Définies par une loi du 9 mars 2015, les règles de répartition des sièges de conseiller communautaire selon un accord local sont très encadrées. La décision du Conseil constitutionnel du 20 juin 2014 (QPC "Commune de Salbris"), qui réaffirme le principe de proportionnalité entre le nombre des représentants de la commune et sa population, ne laisse, en effet, que peu de marges de manoeuvre. À tel point que certaines intercommunalités ne peuvent tout simplement pas parvenir à un accord. "Si les communes constatent qu’elles sont dans un tel cas, il n’est pas utile qu’elles délibèrent", souligne le DGCL. Il insiste aussi auprès des préfets pour que ceux-ci vérifient bien que les éventuels accords locaux préparés par les communes, répondent aux exigences fixées par la loi.
En l'absence d'accord valide, ce sont les règles de droit commun qui s'appliqueront. L'effectif du conseil communautaire sera alors déterminé par le code général des collectivités territoriales en fonction de la population de l'EPCI à fiscalité propre. Ensuite, les sièges sont répartis entre les communes membres à la représentation proportionnelle à la plus forte moyenne, en fonction là encore du critère de la population.

Les règles et le calendrier bientôt modifiés ?

Les communes ont jusqu'au 31 août prochain pour délibérer sur un accord local. Mais cette date pourrait être repoussée au 30 septembre 2019 pour les communes membres des communautés de communes et d'agglomération. C'est ce que prévoit, à ce stade, la proposition de loi du sénateur socialiste Jean-Pierre Sueur "visant à améliorer la représentativité des conseils communautaires" que le Sénat a adoptée en première lecture le 24 janvier dernier.
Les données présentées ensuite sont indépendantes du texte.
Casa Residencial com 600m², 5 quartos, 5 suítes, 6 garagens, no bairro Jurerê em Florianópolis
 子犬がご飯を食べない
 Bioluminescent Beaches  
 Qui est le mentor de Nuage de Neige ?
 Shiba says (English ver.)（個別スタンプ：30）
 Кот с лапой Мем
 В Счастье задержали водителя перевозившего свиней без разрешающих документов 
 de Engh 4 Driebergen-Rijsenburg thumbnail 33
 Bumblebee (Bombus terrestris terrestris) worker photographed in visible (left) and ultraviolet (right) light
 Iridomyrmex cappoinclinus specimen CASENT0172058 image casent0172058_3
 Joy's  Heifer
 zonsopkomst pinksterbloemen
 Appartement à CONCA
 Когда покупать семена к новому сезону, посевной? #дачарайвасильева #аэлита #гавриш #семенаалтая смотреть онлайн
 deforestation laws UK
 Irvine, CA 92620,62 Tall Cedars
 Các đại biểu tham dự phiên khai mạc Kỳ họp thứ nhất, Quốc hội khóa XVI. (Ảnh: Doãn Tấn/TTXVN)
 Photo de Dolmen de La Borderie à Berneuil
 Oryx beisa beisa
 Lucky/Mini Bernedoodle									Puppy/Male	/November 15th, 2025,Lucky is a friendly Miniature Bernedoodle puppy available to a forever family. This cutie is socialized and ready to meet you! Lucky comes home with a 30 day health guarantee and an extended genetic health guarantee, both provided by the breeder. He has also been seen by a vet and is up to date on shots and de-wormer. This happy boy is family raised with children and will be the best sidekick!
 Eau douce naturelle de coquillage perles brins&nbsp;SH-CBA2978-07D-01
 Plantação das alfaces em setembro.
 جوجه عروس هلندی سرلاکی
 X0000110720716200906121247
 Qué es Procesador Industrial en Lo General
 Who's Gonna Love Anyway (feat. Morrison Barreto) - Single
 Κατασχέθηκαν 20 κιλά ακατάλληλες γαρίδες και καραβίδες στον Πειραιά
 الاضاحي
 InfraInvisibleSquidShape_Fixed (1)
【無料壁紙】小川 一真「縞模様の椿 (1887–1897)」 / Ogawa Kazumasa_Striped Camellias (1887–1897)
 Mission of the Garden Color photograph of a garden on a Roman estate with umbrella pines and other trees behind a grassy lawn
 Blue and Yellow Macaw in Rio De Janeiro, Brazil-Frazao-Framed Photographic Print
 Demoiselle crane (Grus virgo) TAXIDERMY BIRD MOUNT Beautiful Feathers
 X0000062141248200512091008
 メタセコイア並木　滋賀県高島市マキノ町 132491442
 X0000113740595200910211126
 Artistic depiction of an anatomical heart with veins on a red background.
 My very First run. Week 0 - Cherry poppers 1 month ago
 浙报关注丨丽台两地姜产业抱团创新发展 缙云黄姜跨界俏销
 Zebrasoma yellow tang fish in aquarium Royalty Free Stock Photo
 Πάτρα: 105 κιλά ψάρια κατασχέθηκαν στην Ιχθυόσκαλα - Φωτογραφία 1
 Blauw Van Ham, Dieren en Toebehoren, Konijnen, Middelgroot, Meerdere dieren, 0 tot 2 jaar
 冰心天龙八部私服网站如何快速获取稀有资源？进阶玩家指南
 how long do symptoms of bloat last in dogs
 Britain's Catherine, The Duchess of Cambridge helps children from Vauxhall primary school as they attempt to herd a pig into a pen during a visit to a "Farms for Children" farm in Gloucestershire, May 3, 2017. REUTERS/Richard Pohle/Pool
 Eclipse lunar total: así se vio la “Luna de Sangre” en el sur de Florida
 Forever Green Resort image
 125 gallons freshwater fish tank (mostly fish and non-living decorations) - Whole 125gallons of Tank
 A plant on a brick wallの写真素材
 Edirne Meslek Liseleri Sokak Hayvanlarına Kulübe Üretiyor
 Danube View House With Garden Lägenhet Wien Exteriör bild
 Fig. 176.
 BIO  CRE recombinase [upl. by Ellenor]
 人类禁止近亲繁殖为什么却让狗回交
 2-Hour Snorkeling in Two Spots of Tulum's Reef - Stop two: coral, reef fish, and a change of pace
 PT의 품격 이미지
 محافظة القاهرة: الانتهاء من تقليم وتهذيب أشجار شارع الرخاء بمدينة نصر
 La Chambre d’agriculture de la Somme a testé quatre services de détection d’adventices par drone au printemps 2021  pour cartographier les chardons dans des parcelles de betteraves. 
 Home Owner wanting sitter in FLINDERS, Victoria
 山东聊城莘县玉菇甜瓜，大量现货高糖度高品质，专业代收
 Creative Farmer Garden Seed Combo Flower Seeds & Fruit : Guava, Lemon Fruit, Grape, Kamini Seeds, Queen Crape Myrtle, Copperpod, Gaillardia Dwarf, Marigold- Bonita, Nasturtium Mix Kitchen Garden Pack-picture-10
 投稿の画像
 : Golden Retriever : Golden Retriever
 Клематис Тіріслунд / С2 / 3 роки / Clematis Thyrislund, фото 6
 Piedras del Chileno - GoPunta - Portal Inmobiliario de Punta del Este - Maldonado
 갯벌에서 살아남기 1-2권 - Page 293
Si le texte doit encore être examiné à l'Assemblée nationale, il y a de fortes chances pour que le report soit maintenu, puisque le gouvernement lui-même l'a proposé.
On rappellera que la proposition de loi doit permettre aux communes intermédiaires, pénalisées par les règles actuelles, d'être un peu mieux représentées dans l'assemblée intercommunale. Dans le cas où le texte était adopté rapidement par le Parlement et promulgué, les communes devraient prendre en compte, naturellement, cette nouveauté dans leur réflexion.
On notera encore que la proposition de loi ne modifie pas la date du 31 octobre 2019, qui correspond à la limite jusqu'à laquelle le préfet prend l'arrêté constatant le nombre total de sièges que compte l'organe délibérant de l'EPCI et leur répartition par commune membre.

Référence : circulaire relative à la recomposition de l’organe délibérant des établissements publics de coopération intercommunale à fiscalité propre l’année précédant celle du renouvellement général des conseils municipaux.